Yes, we will pay the price for our accession, our framework agreement and the stabilisation and association agreement we have which starts today with the European Union. However, this is where the Union must come together and share part of the solution. What we are doing, as politicians and as a state, is for our citizens to give them a life of European standard. We will, therefore, become like the European Union even without being a member, if I can express it that way. However, from the Union's point of view it would also be an investment in its own stability and prosperity if it helps us along the way like it has helped others, not by having us on the receiving side but by having us integrated and owners of the responsibility which we have, not only to our citizens but also to the common values and Community of which we want to become part.
This is where NATO becomes instrumental for us, if not for Ireland. I understand the viewpoint of many politicians in this great country. However, we have a problem which Ireland does not. Therefore, we need that structure to help us establish a system of solidarity in security terms. It is not a military alliance per se with a great deal of muscle but a system of solidarity in which we will all contribute. Let me put it bluntly. In order to make our region prosperous, we must deal not only with poverty but also insecurity and instability. Believe me, it is much more effective to have us in the European Union or NATO rather than to have the Union and NATO in us. What am I trying to say? Keeping troops and upholding police and other military missions in the region will not solve the problem, it will simply push it under the carpet or hide it. Once everything is back in place or the situation reaches the optimum level where the Union or NATO is not capable or does not want to invest more in such support of our security and stability and the police and troops retreat, the old problems, if they are not mended where they are generated, will explode again in our faces. What will we have done? We will have kept the problems in the region under control and built a consolidated Union around it. Believing the problem has been solved even though it has not, the Union will retreat and the problem will explode again, this time in the centre of an enlarged Union.
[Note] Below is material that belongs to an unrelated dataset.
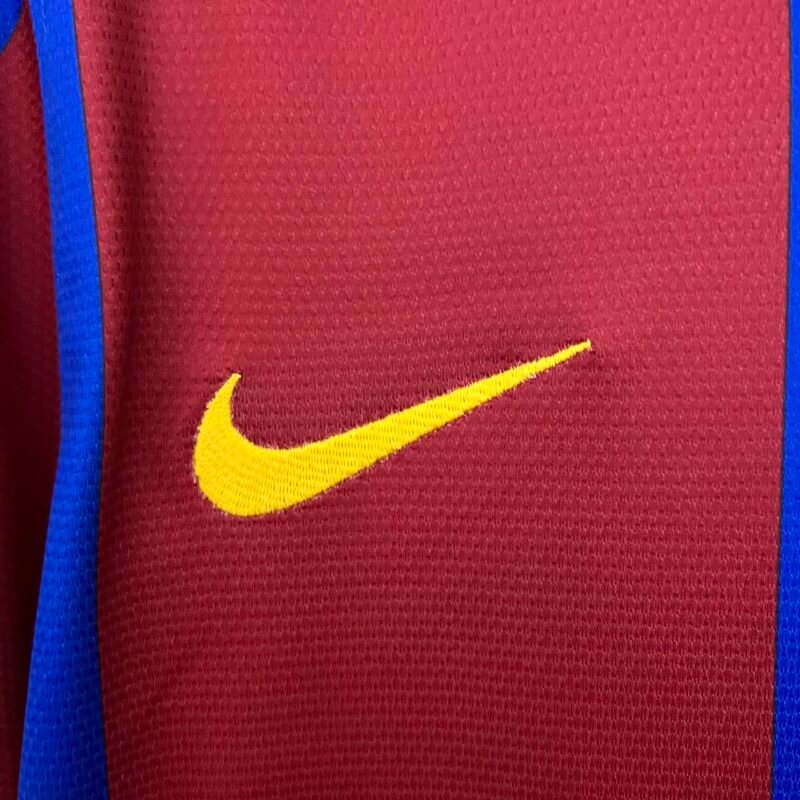 Barcelone Maillot Rétro 07/08 – Image 8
Our pretension to join the Union, therefore, is not only selfish or oriented to solving our deep problems which, as the committee knows, we have managed to live with and tried to make the best of. We have implemented whatever we agreed. Our country will probably enter the history of our Continent as the only nation that has solved an internal conflict which had all the elements of other forces getting involved, ranging from organised crime, to mercenaries and highly motivated people. However, we did solve it before it became a civil war. We solved it within our political system with the assistance of NATO and the European Union. We solved it through political means. Today, we sit before this committee as members of parliament who have sworn allegiance to the constitution. The framework agreement is part of this process of consolidation. We know how to deal with things. What we need now, as Ireland needed when it entered the Union, is to share the values in order to be capable of contributing more. Yes, the cost will be tremendous but it will be short term and the profit will come later. The profit will be to our and Europe's benefit.